[Data listing]
—————

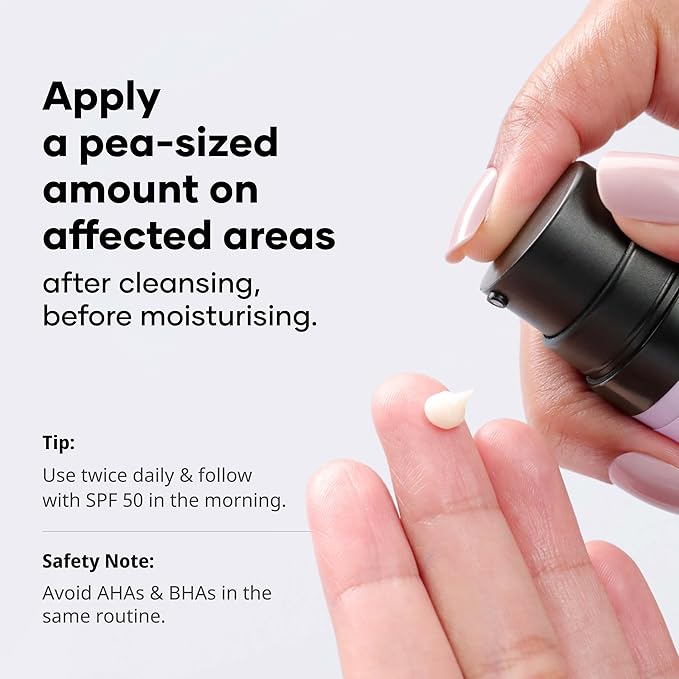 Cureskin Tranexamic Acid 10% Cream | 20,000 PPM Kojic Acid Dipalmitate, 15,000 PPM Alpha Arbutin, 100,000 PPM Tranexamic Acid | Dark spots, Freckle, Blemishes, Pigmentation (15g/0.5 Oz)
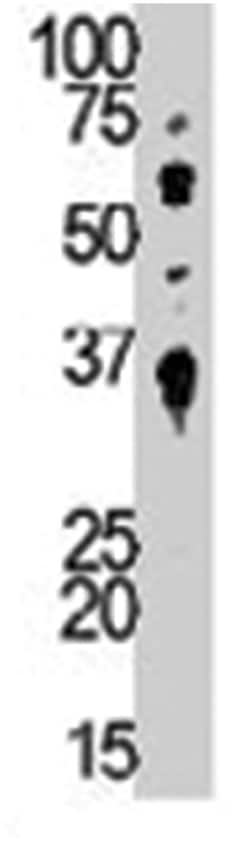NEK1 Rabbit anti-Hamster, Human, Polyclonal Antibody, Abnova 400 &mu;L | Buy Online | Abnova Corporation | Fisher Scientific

—————

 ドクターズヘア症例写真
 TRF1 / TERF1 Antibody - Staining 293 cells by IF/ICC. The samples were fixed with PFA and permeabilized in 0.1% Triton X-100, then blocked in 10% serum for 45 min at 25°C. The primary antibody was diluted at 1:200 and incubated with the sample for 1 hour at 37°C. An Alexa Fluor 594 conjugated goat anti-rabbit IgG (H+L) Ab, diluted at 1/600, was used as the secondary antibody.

—————

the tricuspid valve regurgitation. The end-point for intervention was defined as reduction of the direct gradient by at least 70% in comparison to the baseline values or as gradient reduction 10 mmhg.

—————

[Task details] Exactly as written above, retype the lines starting at the one holding "Cureskin Tranexamic Acid" and ending at the one holding "NEK1 Rabbit anti-Hamster, Human, Polyclonal", both included, but not the pictures.

[Solution to this exercise]
 Cureskin Tranexamic Acid 10% Cream | 20,000 PPM Kojic Acid Dipalmitate, 15,000 PPM Alpha Arbutin, 100,000 PPM Tranexamic Acid | Dark spots, Freckle, Blemishes, Pigmentation (15g/0.5 Oz)
NEK1 Rabbit anti-Hamster, Human, Polyclonal Antibody, Abnova 400 &mu;L | Buy Online | Abnova Corporation | Fisher Scientific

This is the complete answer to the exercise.